MICHELLE: Heh. I will eventually read the shoujo ones on that list.

SEAN: In print, we have finally come to the end of Fairy Tail, with its 63rd volume. There are still a few spinoffs still to be released, but this is the end of the main story.
ASH: That’s an impressive run! One Piece and Case Closed are the only other series I can think of off the top of my head that have over sixty volumes published in English.
SEAN: And there is a 3rd Frau Faust, which I pray does not have the heroine get even younger by the end.
MICHELLE: I am determined to start this series this week! Maybe today!
ASH: You should! It’s great!
SEAN: We also have a 24th volume of The Seven Deadly Sins, which with the end of Fairy Tail is now the longest-running Weekly Shonen Magazine series that’s licensed over here. (Sorry, Hajime no Ippo, Ahiru no Sora and Seitokai Yakuindomo are NOT licensed over here.)
Seven Seas has a bunch of stuff.

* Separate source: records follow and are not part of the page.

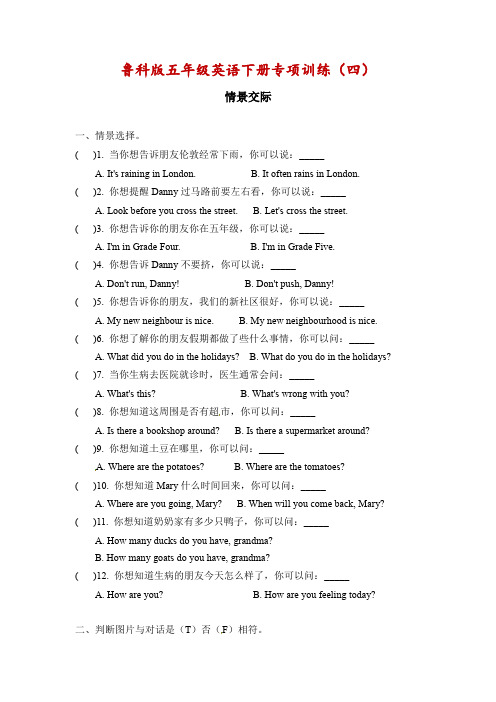 五年级英语下册期末专项(四)情景交际(鲁科版五四制)(含答案)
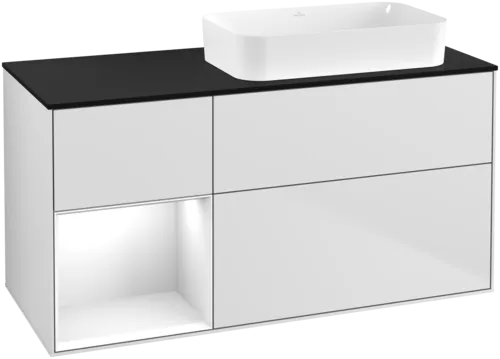 VILLEROY BOCH Finion Vanity unit, with lighting, 3 pull-out compartments, 1200 x 603 x 501 mm, White Matt Lacquer / Glossy White Lacquer / Glass Black Matt #F682GFMT resmi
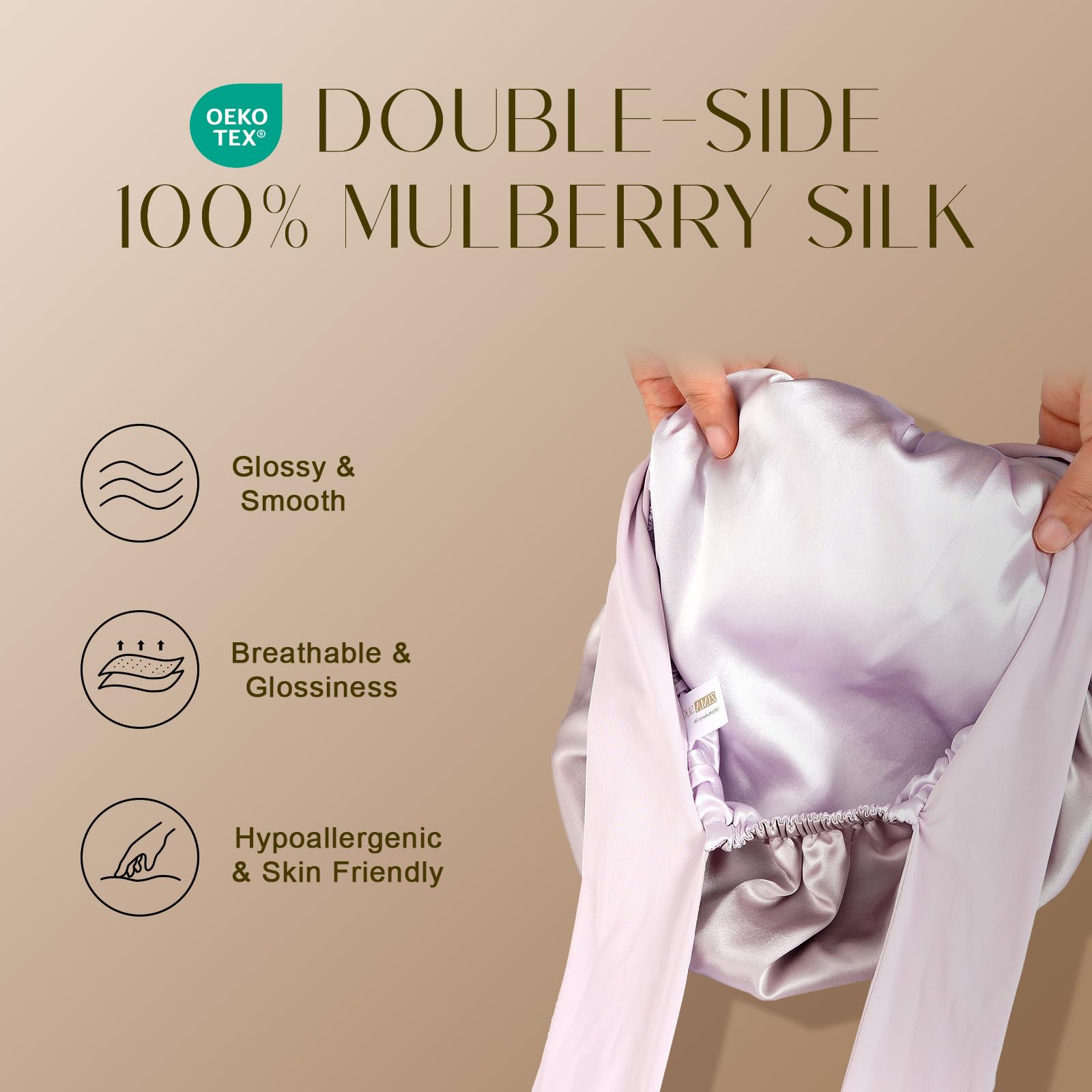 ZIMASILK silk hair wrap for long hair reduces tangling overnight.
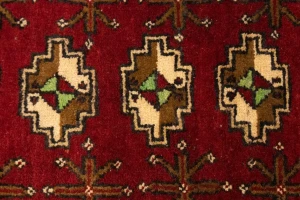 Vintage Red Tribal 3'6X6'9 Turkoman Persian Rug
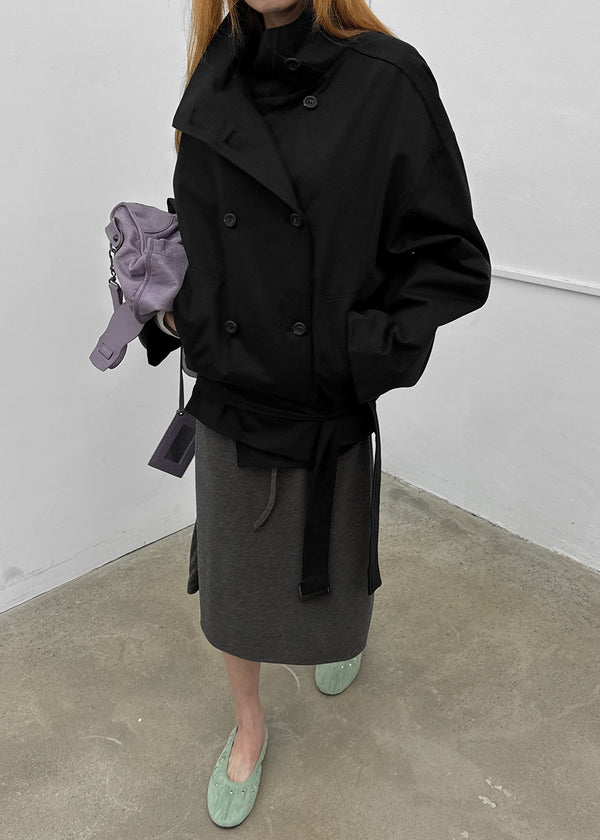 Lama double-button high-neck trench jacket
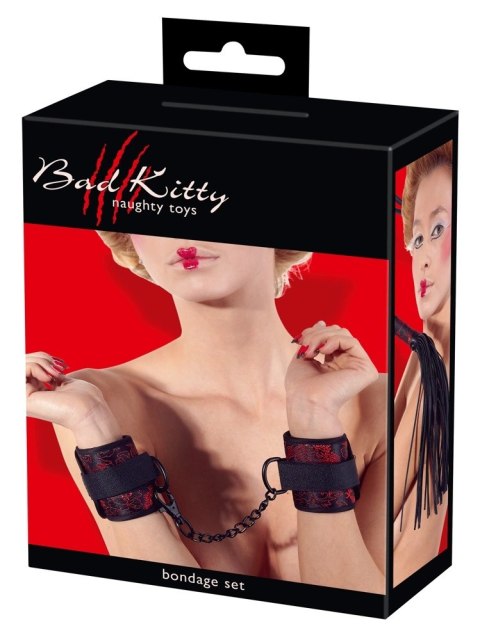 Bad Kitty Zestaw 3-częściowy Czarny Satynowy z Maską i Pejczem Bad Kitty Bad Kitty Zestaw 3-częściowy Czarny Satynowy z Maską i Pejczem Bad Kitty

Golden Time comes to an end with its 9th volume of romance and amnesia.
Hachune Mike’s Everyday Vocaloid Paradise has a 2nd volume.
And the zombies clearly have not been stopped, if Hour of the Zombie 6 is any indication.

The debut next week is Made in Abyss, a fantasy series about a girl and her robot that runs in Takeshobo’s Manga Life Win +. Despite the cast looking like moe plushies, it’s apparently more serious than it looks.
ASH: I’ve heard that it gets quite serious indeed.
SEAN: Masamune-kun’s Revenge has reached 7 volumes. Sheesh. Just get revenge already!
And Non Non Biyori has a 9th volume of doing absolutely nothing in a cute and relaxed way.
orange: future is a spinoff of the popular shoujo romance/tragedy, with additional side and after stories that will no doubt please fans.
MICHELLE: MUST HAVE!
ASH: ABSOLUTELY! The original series was tremendous, so I hope the continuation can hold up to expectations.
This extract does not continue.